Ihr Ehemann hatte wohl kürzlich bei einer Fachmesse eine Arbeitskollegin aus vergangenen Zeiten getroffen und sich mit ihr verabredet. In der Folge dazu gab es nicht nur mehrere Treffen, sondern auch intimes Beisammensein der beiden. Die Sache flog rasch auf und die Ehefrau stellte ihren Mann zur Rede, der den Ehebruch auch zerknirscht zugab und um Vergebung bat. Doch was die Sache nun wirklich schlimm machte: Einige Jahre zuvor war eine ähnliche Situation schon einmal passiert. Auch damals war der Ehemann fremdgegangen und nachdem die Ehefrau das herausgefunden hatte, bat er ebenfalls um Vergebung, war verzweifelt und gab sich reumütig. Unter Aufbietung all ihrer christlichen Werte und als Gehorsamsschritt gegen über Christus – der uns ja schließlich auch vergeben hat und vergibt – schaffte sie es, ihrem Ehemann das zu vergeben. Aber sie wies ihn sehr deutlich darauf hin, dass das nicht nochmal passieren dürfte und sie das nicht noch einmal erleben wolle.

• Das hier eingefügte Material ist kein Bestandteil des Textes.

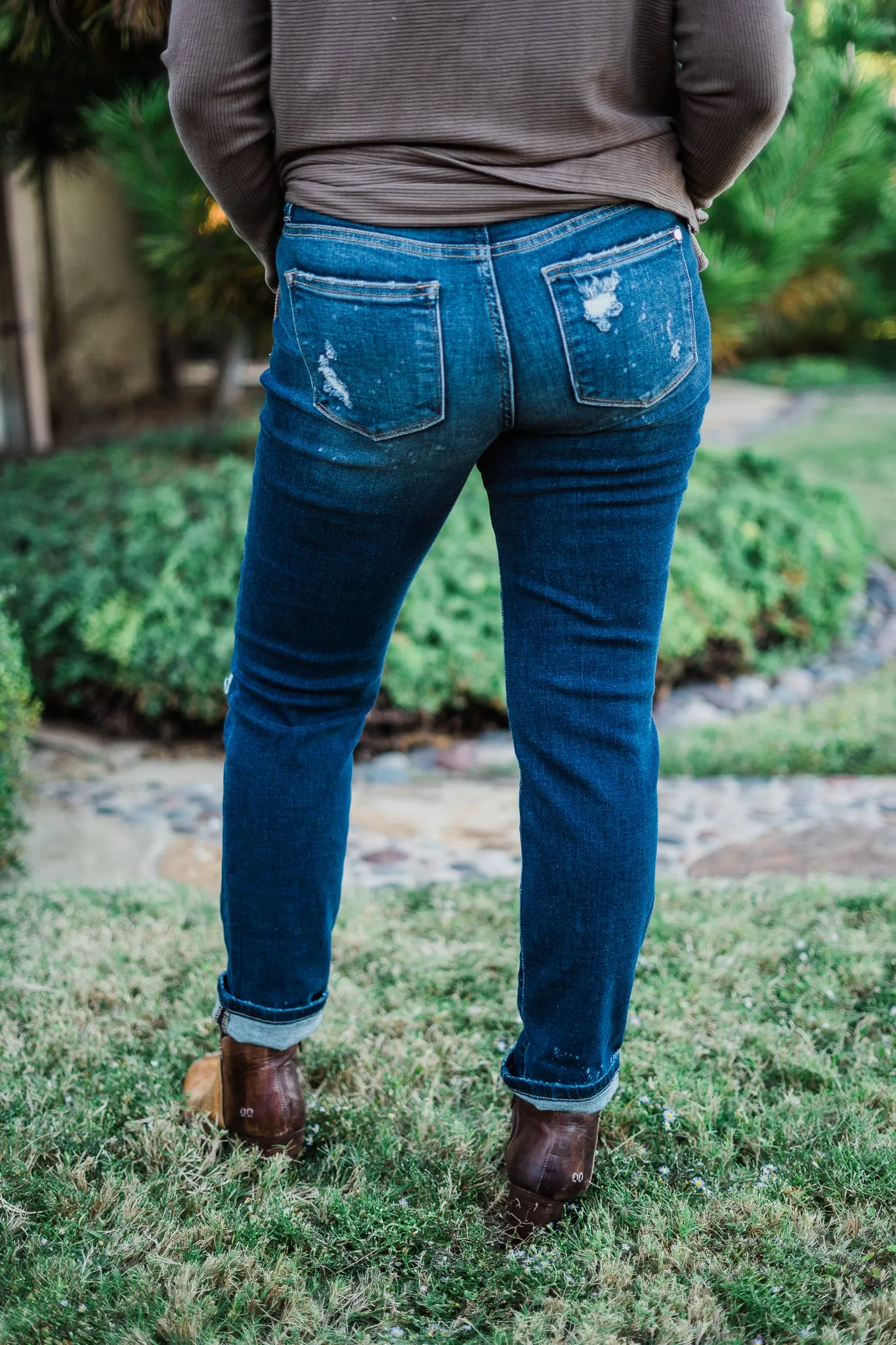 Judy Blue Boyfriend Bleach Splash Jeans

Nun war es wieder passiert.
Die Ehefrau war verzweifelt. Ihr Mann hatte sie um Vergebung gebeten und sie rang mit sich, ob sie ihm diese gewähren wollte und konnte.

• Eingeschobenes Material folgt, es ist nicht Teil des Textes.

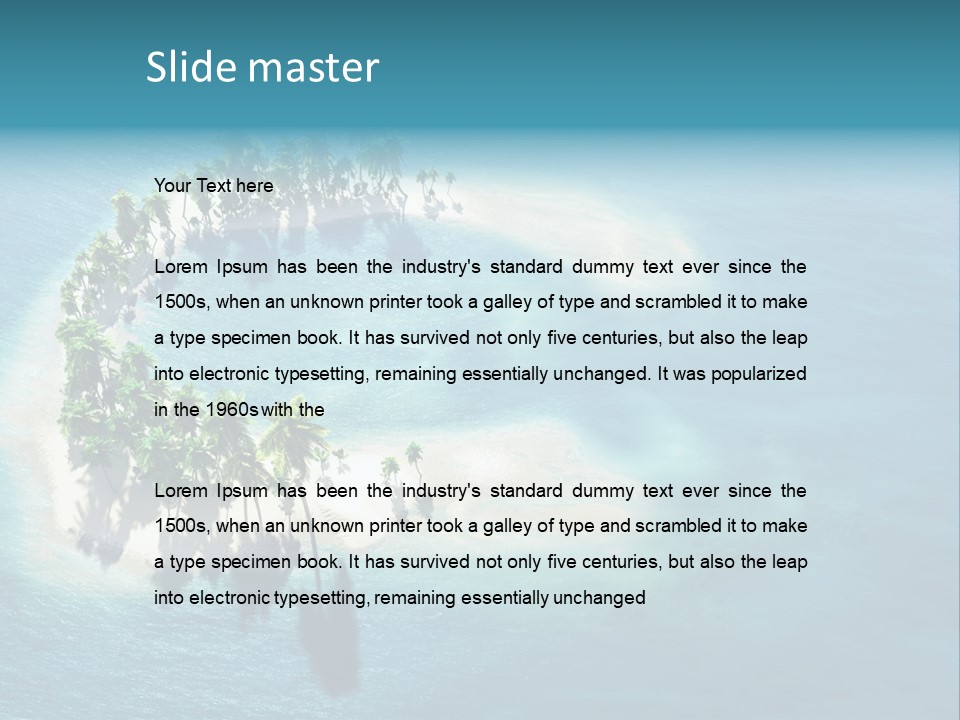 Sunshine Background Island PowerPoint Template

Ich hatte den Eindruck, alles in ihr schrie »Nein!« und das christliche Verantwortungs- und Lebensgefühl bohrte: »Doch, du musst ihm vergeben! Auch Jesus hat uns immer wieder und mehrfach vergeben!«
Und ich hatte den Eindruck: Von mir erwarteten sie nun eine weise Antwort und die Lösung des Problems.

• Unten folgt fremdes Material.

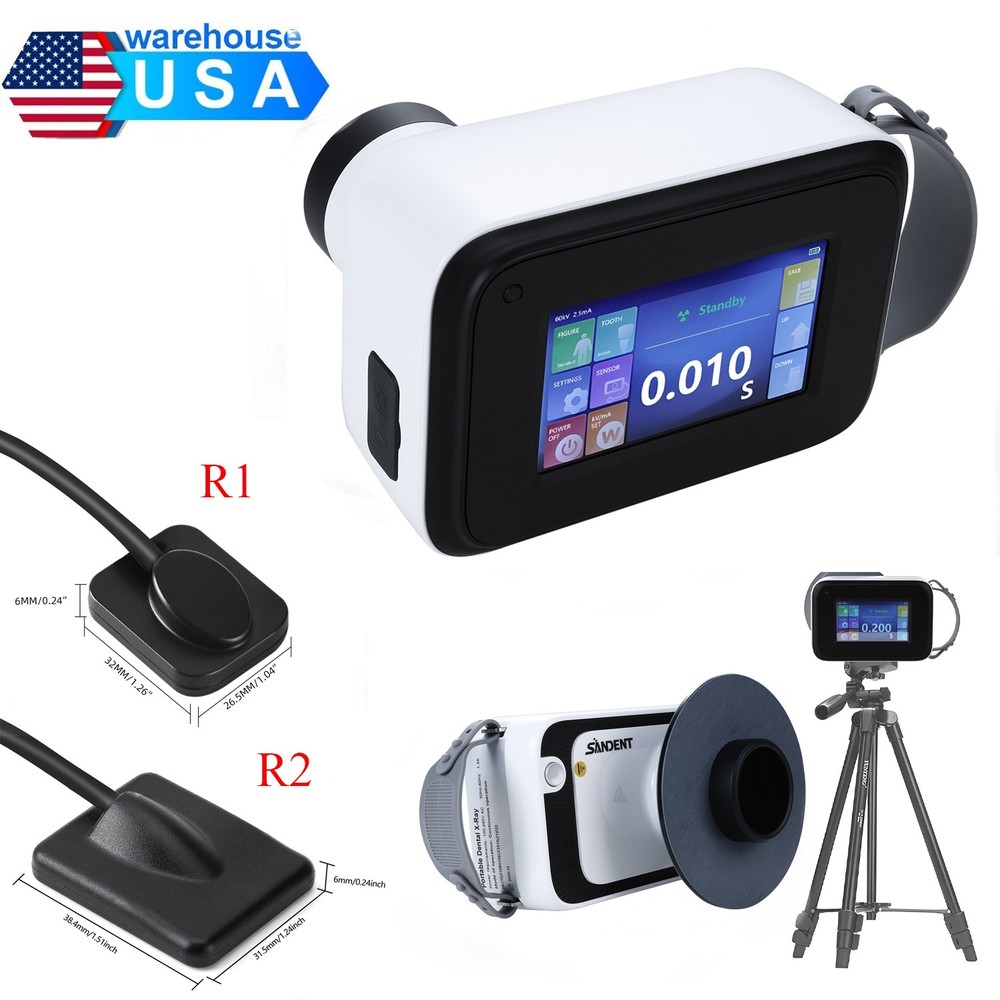 Dental X Mobile Unit Ray Digital Machine w/Shield / Sensor Size 1/2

Aus mehreren anderen Beratungen weiß ich um dieses Dilemma und auch, dass es nicht jeder Mensch schafft, einen Ehebruch seines Partners oder seiner Partnerin zu verzeihen.
Wenn die Situation bei den Paargesprächen so ist, dass ich es vorher weiß, weil z. B. einer der Partner mich in einem Einzelgespräch einweiht über sein Fremdgehen bzw. eine solche Sache, die ihm passiert ist, dann sage ich ihm klipp und klar, dass es sein kann, dass ihm sein Partner das nicht vergeben kann, wenn er es ihm offenbart, selbst wenn er noch so um Vergebung bittet.
Zwei Möglichkeiten
Wenn ich mit einer solchen Situation konfrontiert bin, beschreibe ich dann beide Möglichkeiten: Entweder du sagst es deiner Partnerin und musst mit den Konsequenzen leben, dass sie dir das vielleicht nicht vergeben kann und eure Ehe zerstört ist oder du sagst es deiner Partnerin nicht und musst dafür dann mit der Last und der Schuld leben, dass du es ihr nicht sagen wolltest oder konntest. Das hört sich im ersten Moment vielleicht leichter an, aber für viele Menschen ist diese Dauerlast bestehend aus dem tatsächlichen Ehebruch und dem Verschweigen der Wahrheit mindestens genauso schwer und bedrückend.
Doch diese Alternative gab es bei diesem Paar nicht, denn die Situation war ja schon offenbar geworden.
Ich habe dann diese Frau, von der ich hier berichte, ermutigt, zu ihren Grenzen zu stehen: Ja, sie hatte ihrem Mann das beim ersten Mal vergeben. Das fiel ihr nach eigenen Aussagen schon sehr schwer, sicherlich hat ihr christliches Verständnis, dass uns Jesus ja auch vergibt und vergeben hat, geholfen. Aber sie hatte ihrem Mann auch sehr deutlich gesagt, dass sie das kein weiteres Mal ertragen und schaffen könnte.
Ihr Mann erwartete das aber offenbar nun von ihr und wies darauf hin, dass uns Jesus ja auch immer wieder vergibt und uns unsere Schuld nicht nachträgt. Ich musste ihm dann aber leider sagen, dass seine Frau hier klare Grenzen gesetzt hatte, die er nicht einhalten wollte oder konnte. Das alleine hätte nach meinem Verständnis in dieser Situation auch schon gereicht. Selbst der Verweis auf »siebenmal siebzigmal Vergebung« aus der Bibel ändert die Sache hier, glaube ich, nicht.
Wir folgen zwar Jesus nach und versuchen ihm ähnlich zu werden, SIND aber nicht Jesus.
Ich habe hier die Situation eines Ehebruchs geschildert, sicherlich gibt es andere ähnlich schwerwiegende und traumatische Erlebnisse, wo es ein Mensch ebenfalls nicht schafft, Vergebung zu erteilen und zu gewähren. Ich würde mir nicht erlauben, über diesen Menschen den Stab zu brechen oder sie zu verurteilen, wenn sie das nicht schaffen – unsere Begrenztheit, nicht alles vergeben zu können, ist menschlich und nachvollziehbar.